I have learned that death, love, loss, tragedy and human emotion don’t make much sense. And I’m making my peace with that. It’s a process to retrain your thinking, but a sudden tragedy will do that to you. Thank you Disney for recognizing how silly of a concept trying to make sense of the insensible is.

#thisischildloss

 

 

Damn it, Facebook!

So it’s a new year and I’m scrolling through my Facebook feed loving all of the great New Year ‘intentions’ when a memory pops up. Hit me square in the gut. Or more likely, the heart.

I cannot believe that this was 8 years ago. How happy and carefree we were. How excited we were!

I can start a new year, a new decade, hell I could change my name and move to a new country and this would still be my reality. I would still have lost such a huge part of my heart the day my Benny died. Two steps forward and five steps back. Such is grief.

I just know now to roll with these sucker punches when they happen now. I smile and try to think of my little guy. I hug my babies a little tighter, smile at a stranger, make sure that the ones I love know it. There’s a calm in being able to control the few things that I can.

I don’t like the word ‘resolutions’ so, I will talk about intentions. This one about sums it up for me.

Happy New Year to my fellow loss friends. May this year be a good one for remembering our children.

#thisischildloss

2020

I’m not sure anyone actually enjoys getting older. Tomorrow marks the beginning of another decade and on January 24th I will be entering my 40th year. I was born in 1980, so my birthday always coincides with the year. Each new decade, I am a decade older.

I’d be lying if I said I haven’t been dreading this until recently. How the hell am I that old?? It doesn’t seem possible. I look in the mirror confused by the same eyes that have looked back at me since I was a young girl. Sometimes it feels weird to be in my body. And then I look back at pictures and memories and I’m floored by how much I have done. And how much time has passed.

I always dreaded getting older. My mom died young at 49. The thought of losing everything scared me. Then my son died at 18 months and the term of dying young seemed relative. None of it makes sense.
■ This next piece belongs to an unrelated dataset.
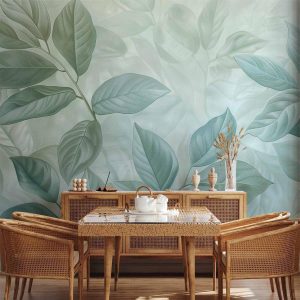 Papier peint - Large Leaves in Shades of Green-Mint: Botanical Motif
About a year ago a fellow loss mama shared with me that she loves getting older. And I didn’t know what to say. I hadn’t ever thought of that attitude as an option. But now as I look back on the last decade, not only am I happy to be getting older, because of every day is a gift, I cannot wait until midnight.

Everything is numbers for me. And these last 10 years have SUCKED. I continue to feel like my 30’s weren’t so great, ok, they were awful. I am convinced that if I go into my 40’s with an open heart and mind, I may have a fighting chance.

No, there are no promises this decade won’t suck too. That’s ok. It just feels like I grew up. A lot. And maybe I can be better prepared for my 40’s to suck because I’m not only taking the sorrow with me, but the growth as well. And that’s something.

So Happy New Year. In this moment, I welcome my 40’s. We’ll see how I feel about it in 24 days.